REQUIREMENT
Only the lines below from the one containing "I'm going to" to the one containing "Today I thought" should be repeated, both included and unchanged.

RECORD EXCERPTS
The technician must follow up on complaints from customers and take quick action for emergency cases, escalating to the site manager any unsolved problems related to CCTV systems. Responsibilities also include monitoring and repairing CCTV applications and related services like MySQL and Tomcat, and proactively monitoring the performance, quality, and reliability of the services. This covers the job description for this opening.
* * *
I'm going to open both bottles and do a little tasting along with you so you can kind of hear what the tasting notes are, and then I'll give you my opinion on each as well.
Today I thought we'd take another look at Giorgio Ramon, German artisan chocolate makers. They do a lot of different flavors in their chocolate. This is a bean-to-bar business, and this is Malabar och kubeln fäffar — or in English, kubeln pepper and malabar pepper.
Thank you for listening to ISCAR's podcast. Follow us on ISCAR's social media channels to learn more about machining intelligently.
...
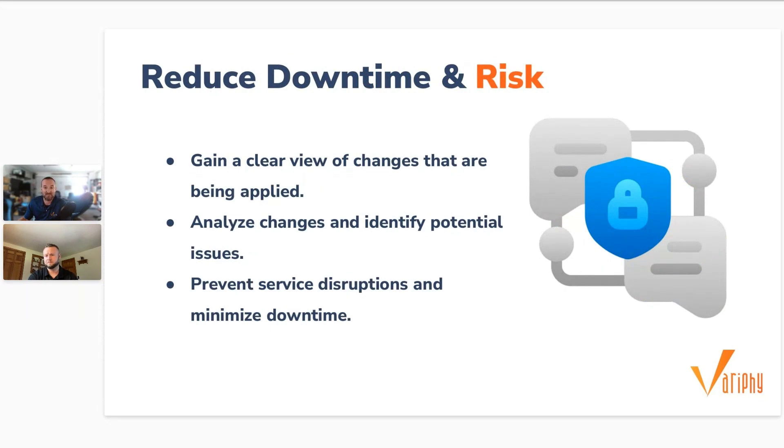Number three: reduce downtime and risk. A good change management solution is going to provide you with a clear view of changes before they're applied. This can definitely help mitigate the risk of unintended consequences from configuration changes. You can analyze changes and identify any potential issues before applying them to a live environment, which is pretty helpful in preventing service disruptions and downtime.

RESULT
I'm going to open both bottles and do a little tasting along with you so you can kind of hear what the tasting notes are, and then I'll give you my opinion on each as well.
Today I thought we'd take another look at Giorgio Ramon, German artisan chocolate makers. They do a lot of different flavors in their chocolate. This is a bean-to-bar business, and this is Malabar och kubeln fäffar — or in English, kubeln pepper and malabar pepper.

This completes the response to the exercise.